Ultimately, the Commission voted in favor of expediting the motion, which will require the City Attorney to prepare a draft ordinance that creates a process for the city to move forward with the plan. The ordinance will also task the Los Angeles Police Department and the Department of Cannabis Regulation with identifying locations where unlicensed commercial cannabis business activity is taking place. With this information, the Department of Building and Safety will then move to secure the properties.
During the meeting’s public comment period, stakeholders took issue with current eligibility standards for the social equity program. Arlene Mejía, director of community affairs at the consulting firm Cannabis Advising Partners, indicated that she has personally recruited some fifty people in south and downtown Los Angeles to apply.
Through her work, said Mejía, she has identified several people who reside in the north and eastern part of the city who could potentially qualify based on their arrest records.

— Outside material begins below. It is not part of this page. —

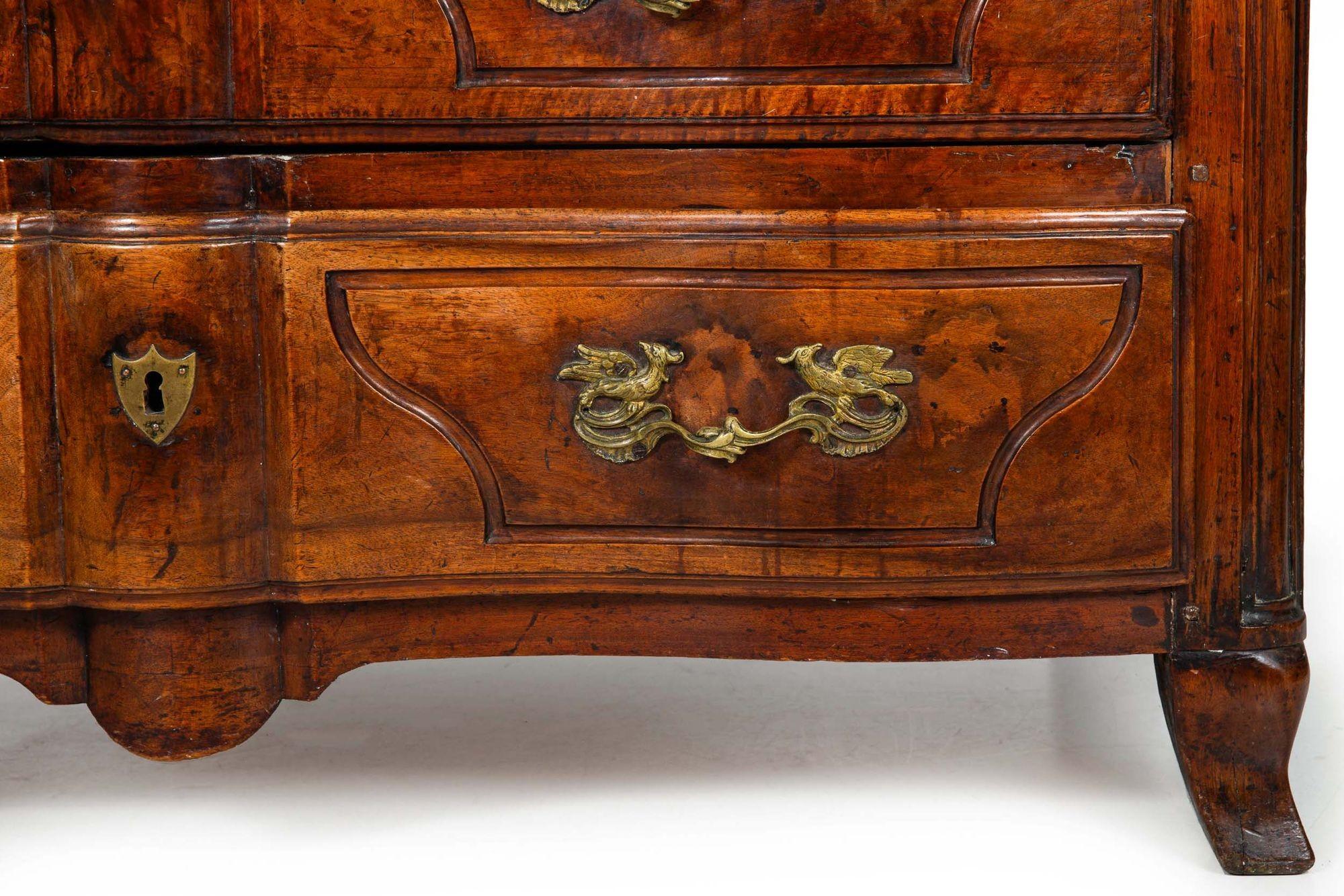 Commode ancienne en noyer de style Régence vers 1750 en vente 2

However, because program eligibility is partly determined through residency in zip codes that, according to the city, were disproportionately targeted for enforcement under cannabis prohibition, these individuals will be unable to participate in the first round of social equity licensing, slated to start on September 3.
“I’m part of the 90012 downtown LA zip code that’s supposed to be expanded. I have many friends and people that I would love to see included in this program in [the] San Fernando Valley, Boyle Heights, Pacoima, the northeast and east LA. It’s really important that they’re included in this first round,” Mejía said.
Cat Packer, executive director of the city’s Department of Cannabis Regulation, addressed these concerns in a subsequent presentation, indicating that before any change can be made, the City Council must first adopt additional criteria based on an analysis. The City Council, she noted, has, in fact, “called out specific areas—Boyle Heights, the downtown area, the San Fernando Valley—” and asked for a second analysis to potentially expand the regions eligible for the social equity program.
But, in response to questions from Mejía and Commissioner Victor Narro, Packer made clear that the results of the second analysis will not be ready in time for applicants to participate in the third phase of retail licensing.
“There seems to be this assumption that, because there were many arrests that took place in these areas, it is inconceivable why this particular zip code qualified and another zip code didn’t,” she said. “The reality is that, when the analysis was done the first time . . . the data just did not show that cannabis arrests or convictions, which is what the scope of our analysis has been limited to, was occurring at a high rate in those particular communities.”
However, Packer said, in the “next several weeks to several months, there will be robust conversation about various eligibility criteria, and I actually intend to bring before this body a series of recommendations on how to reform [it],” both to ensure it meets its original purpose and to “allow more folks to participate.”